New farming models increase incomes in Kien Giang hinh anh 1Farmers in Kien Giang province’s Hon Dat district prepare soil for sowing the 2019–2020 winter–spring rice crop (Photo: VNA)

Kien Giang (VNS/VNA) - The income per capita of rural residents in Kien Giang province, the country’s largest rice producer, has reached 46.2 million VND (1,990 USD) a year, up 1.5 times against 2015, mostly due to the use of new farming models and agricultural restructuring.

The figure is higher than the Mekong Delta’s income per capita in rural areas (36.7 million VND) and the country’s income per capita in rural areas (35.8 million VND), according to the provincial Department of Agriculture and Rural Development.

Under the national programme on new-style rural areas, the province has seen good results in recent years.

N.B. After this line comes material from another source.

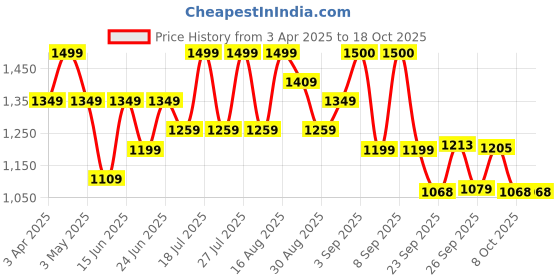 myntra.com MICHAEL ANGELO Men Round Toe Lace-Up Formal Derbys michael angelo Price History Graph from 3 Apr 2025 to 18 Oct 2025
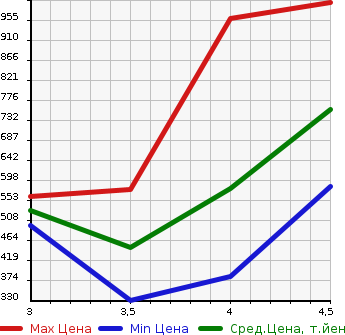 Аукционная статистика: График изменения цены AUDI Q3 2014 8UCCZF в зависимости от аукционных оценок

Do Minh Nhut, deputy director of the department, said the province had strongly encouraged farmers to use new seed varieties and advanced techniques as well as farming models that adapt to climate change.

More farmers are also applying Vietnamese and global good agricultural practices (VietGAP and GlobalGAP) standards.

Many large-scale rice fields in the province plant high-yield and quality rice varieties for export, while environmentally friendly concentrated shrimp areas use intensive farming methods.

Hoang Trung Kien, director of the province’s Agriculture Extension Centre, said that the number of large-scale rice fields this year increased by 44 percent against last year. The 213 large-scale fields cover 75,000ha, of which 71,000ha have been guaranteed outlets for their products.

Farmers have also turned many inefficient rice fields to rice-shrimp fields that grow shrimp in the dry season and rice in the rainy season.

These rice-shrimp fields expanded from 77,866ha in 2015 to 83,458ha last year, the largest area in the delta. An additional 20,000ha of rice-shrimp fields will be implemented after 2020, according to the department.

Aquaculture in coastal areas has developed rapidly with many farmed aquatic species such as black tiger shrimp, white-legged shrimp, river giant prawns, bivalve mollusks, and brackish water and freshwater fish.

Nhut said that irrigation systems had controlled flooding and saltwater intrusion, and had met the demand for breeding shrimp under industrial and semi-industrial farming models.

The province expects to harvest 256,000 tonnes of farmed aquatic species this year, including 78,000 tonnes of shrimp, according to the department. Rice and shrimp are the province’s two key products.

Effective models

The province has encouraged farmers to use semi-intensive and intensive shrimp farming, breed marine fish in floating cages, rotate shrimp and rice on the same field, and grow organic pepper.

Many farmers in Kien Luong district’s Hoa Dien commune are rotating the breeding of shrimp and crab and rice cultivation on the same field, earning high incomes.

Under this model, farmers plant rice in September, harvest rice in December, and then pump water into the rice field to breed shrimp and crabs.

Nguyen Phuoc Du, who was the first farmer to use the model on his 6ha rice field in Hoa Dien, has earned a profit of 250-300 million VND (10,800-12,900 USD) a year.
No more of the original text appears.